TO DO.
From the first line to the last, give the material again exactly, without the images.
==== MATERIAL PROVIDED
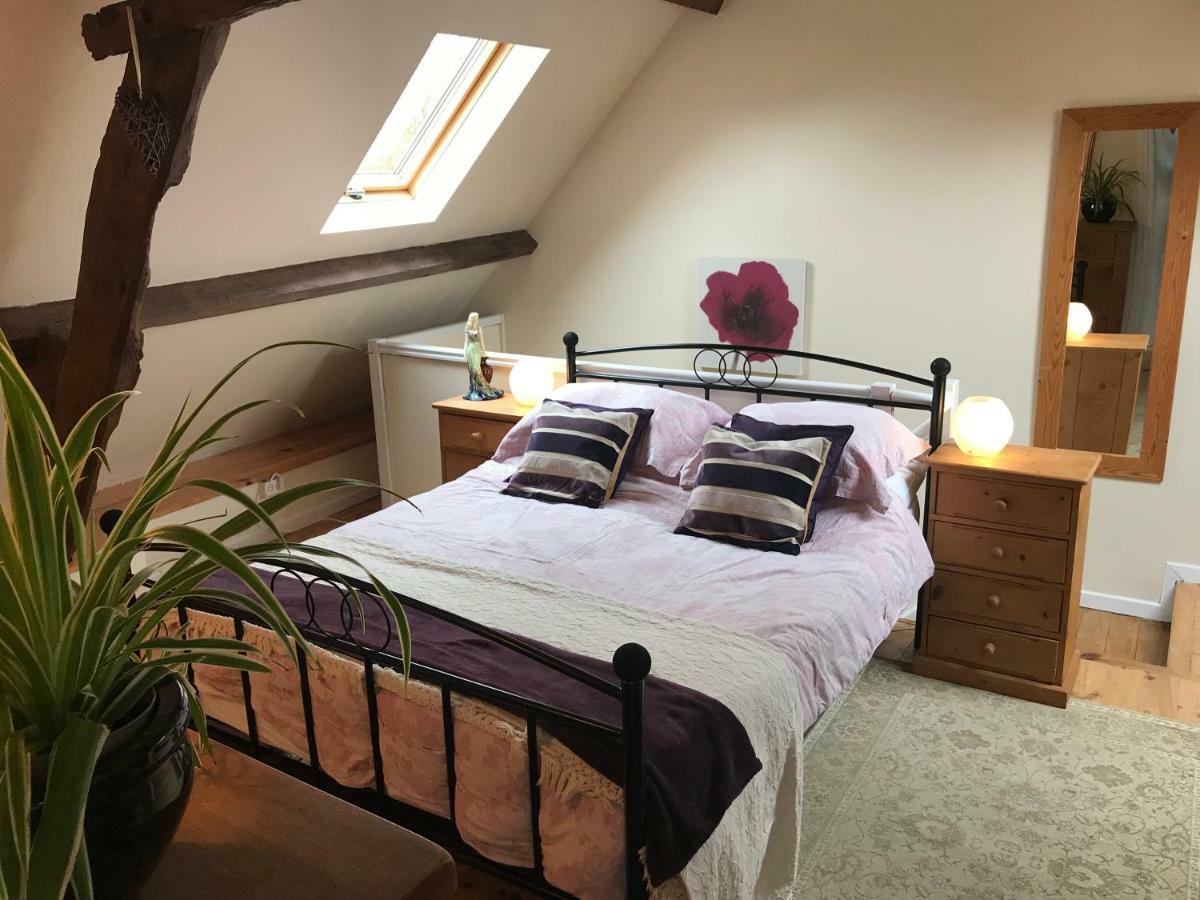 Le Noyer Villa Lithaire Екстериор снимка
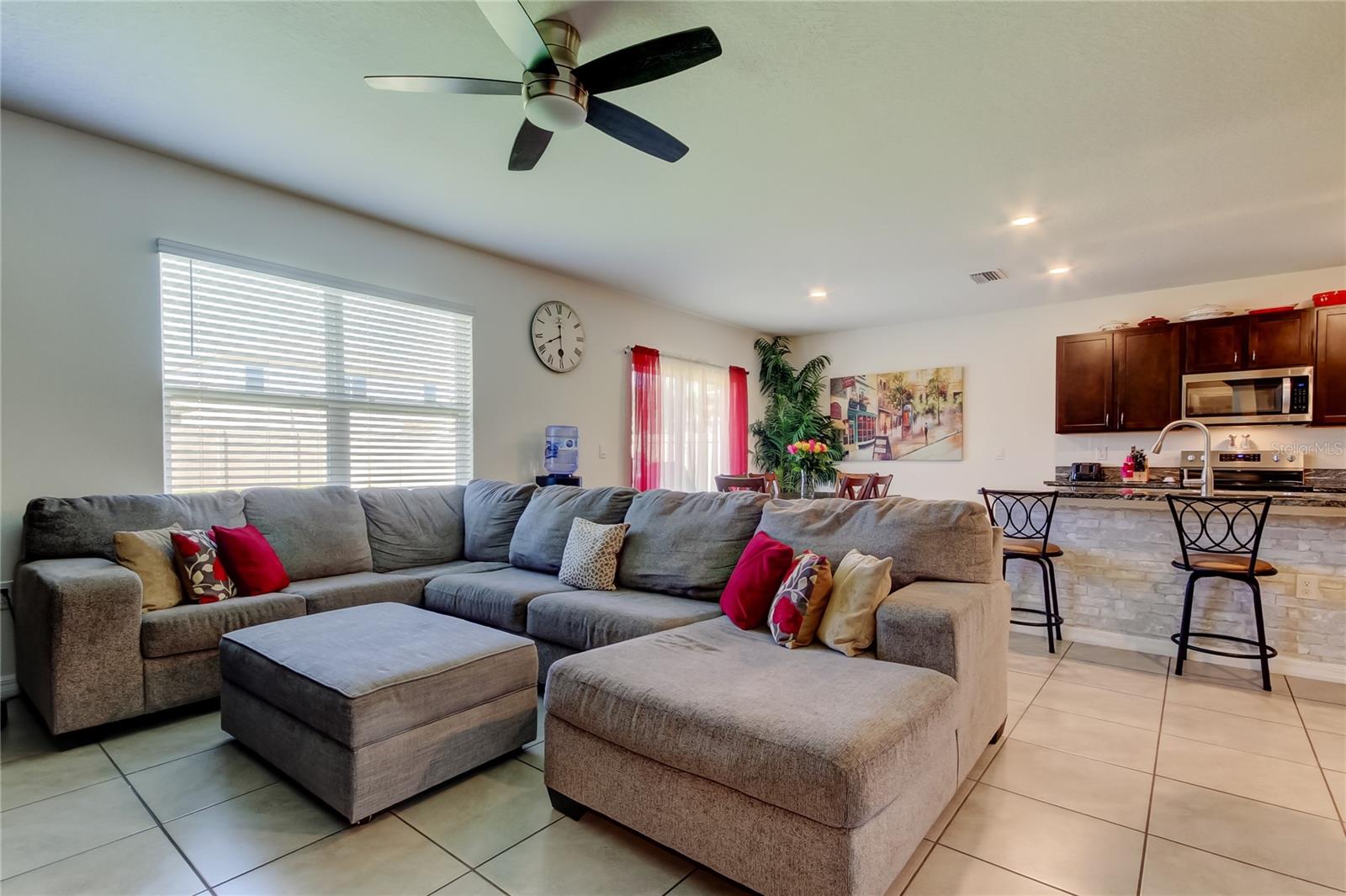 Image 23 of 66 For 2933 Maiden Grass Isle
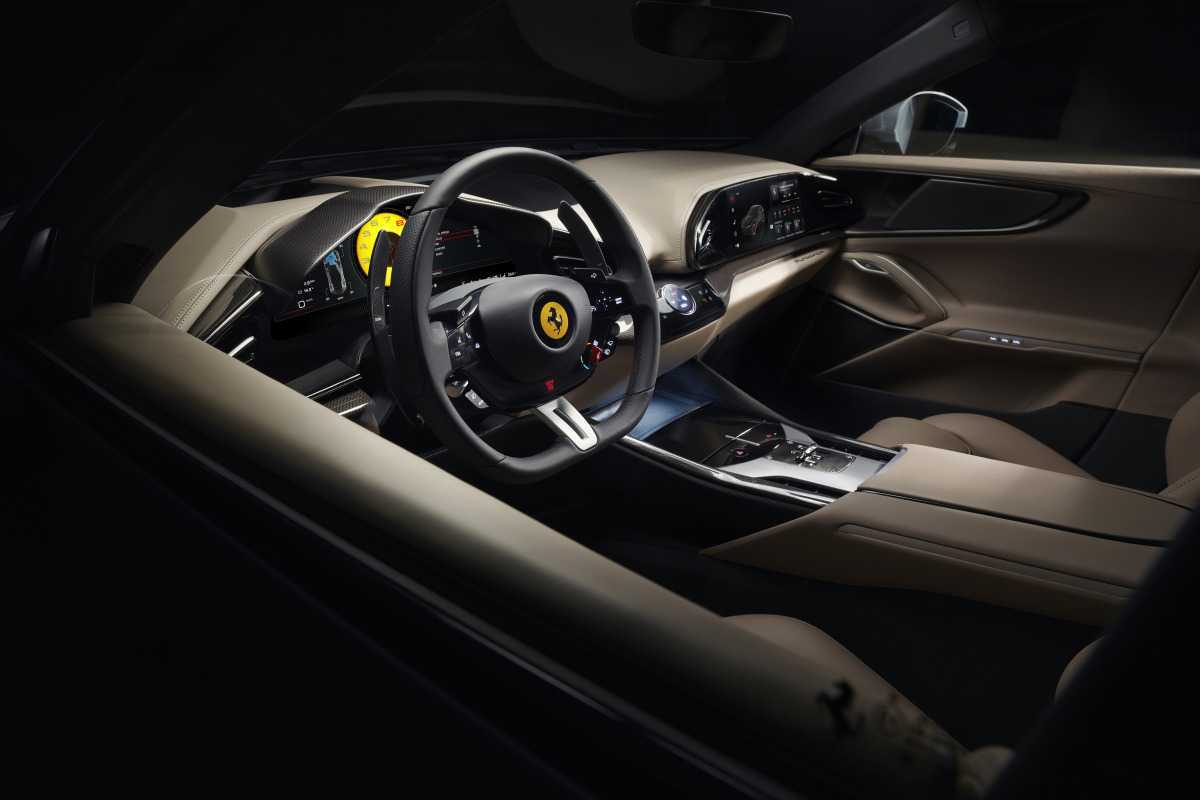 Ferrari показала свой первый кроссовер purosangue на тизере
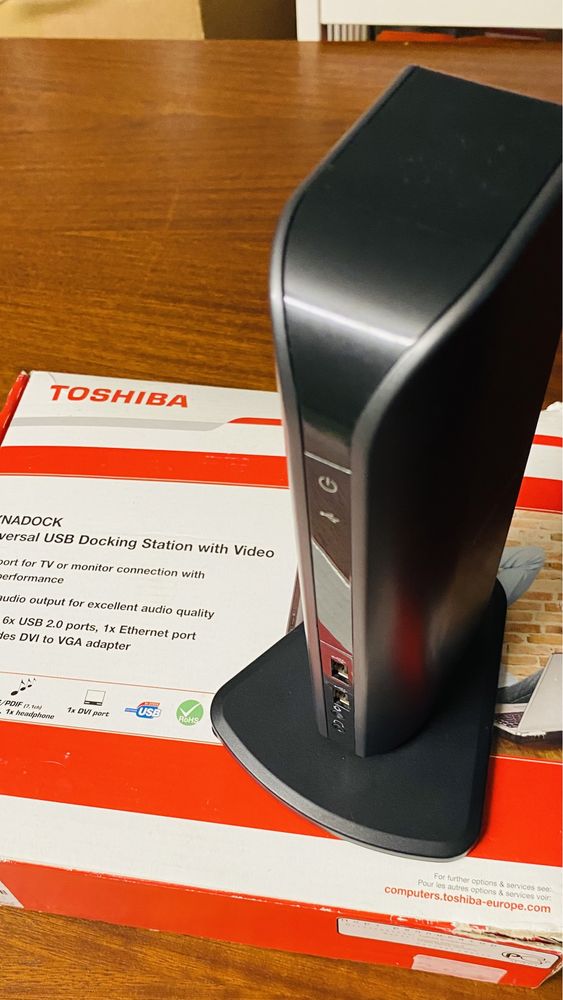 Dynadock TOSHIBA (universal usb docking station)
========
RESULT OF THE TASK.
 Le Noyer Villa Lithaire Екстериор снимка
 Image 23 of 66 For 2933 Maiden Grass Isle
 Ferrari показала свой первый кроссовер purosangue на тизере
 Dynadock TOSHIBA (universal usb docking station)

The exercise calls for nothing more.